» Activity:
Could you give back exactly the lines below from the one with "Onward: The Search" through the one with "Beautiful Blue World (Paperback)", without a single picture?

» Records for processing:
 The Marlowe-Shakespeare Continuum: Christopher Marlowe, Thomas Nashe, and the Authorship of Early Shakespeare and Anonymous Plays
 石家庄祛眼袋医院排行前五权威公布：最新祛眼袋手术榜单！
---
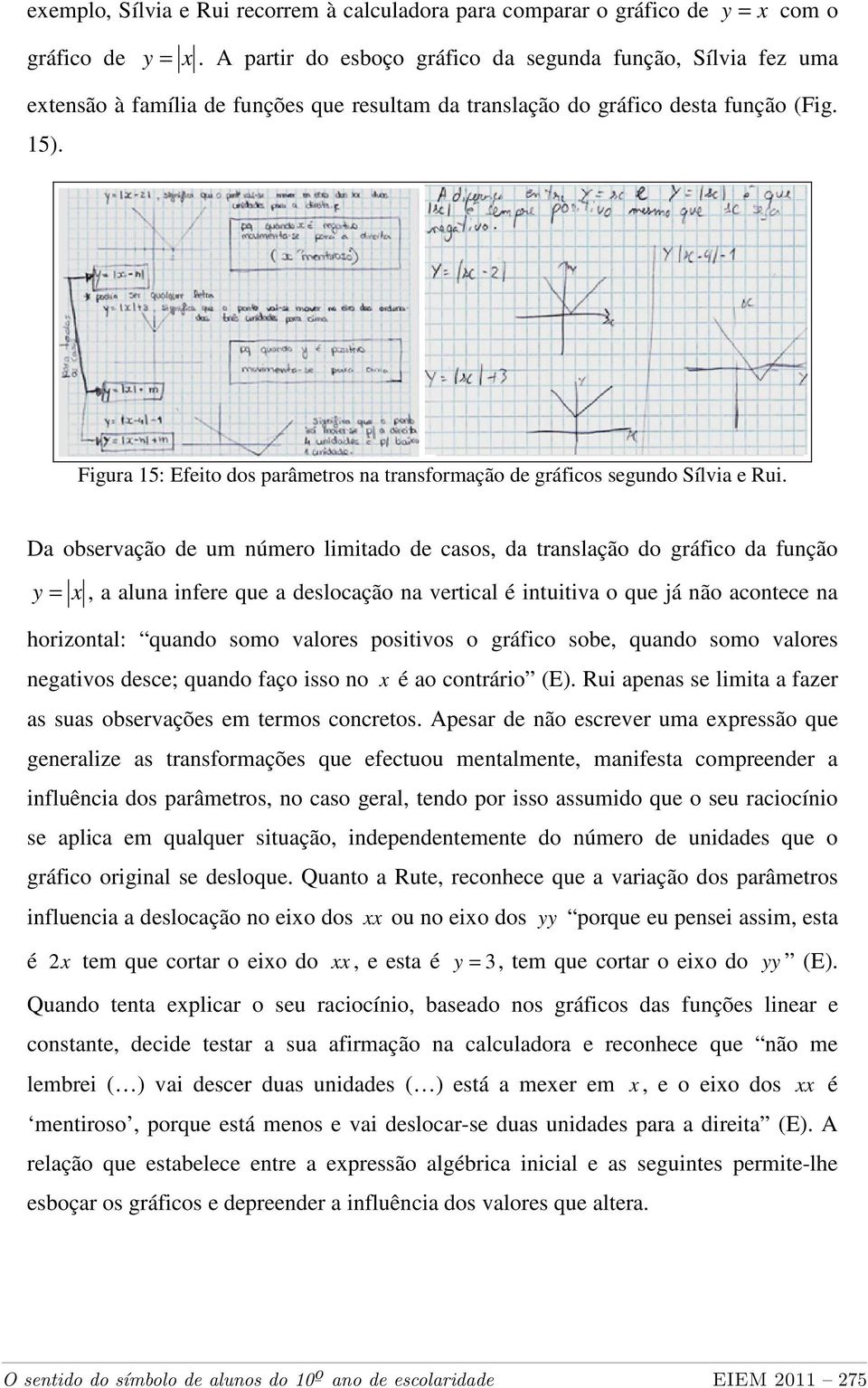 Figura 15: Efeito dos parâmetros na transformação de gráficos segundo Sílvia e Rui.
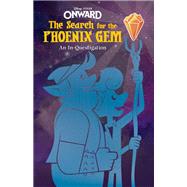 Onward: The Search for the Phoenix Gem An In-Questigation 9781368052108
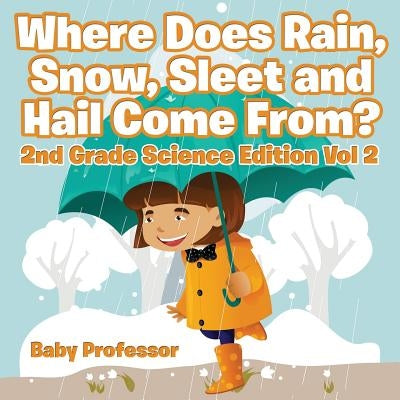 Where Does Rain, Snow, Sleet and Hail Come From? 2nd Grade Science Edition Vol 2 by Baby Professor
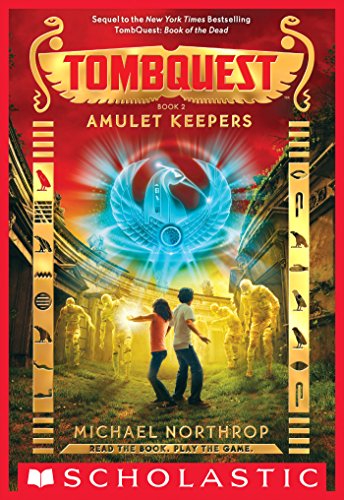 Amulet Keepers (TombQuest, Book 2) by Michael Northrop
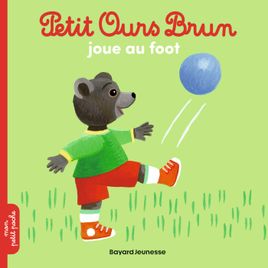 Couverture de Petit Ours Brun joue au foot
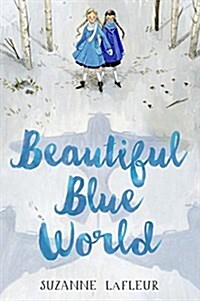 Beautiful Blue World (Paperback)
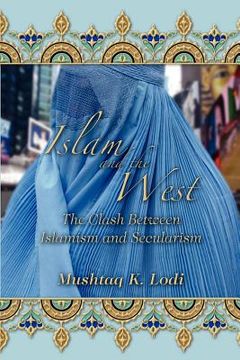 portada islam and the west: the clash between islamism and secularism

» Reply to the task:
 Onward: The Search for the Phoenix Gem An In-Questigation 9781368052108
 Where Does Rain, Snow, Sleet and Hail Come From? 2nd Grade Science Edition Vol 2 by Baby Professor
 Amulet Keepers (TombQuest, Book 2) by Michael Northrop
 Couverture de Petit Ours Brun joue au foot
 Beautiful Blue World (Paperback)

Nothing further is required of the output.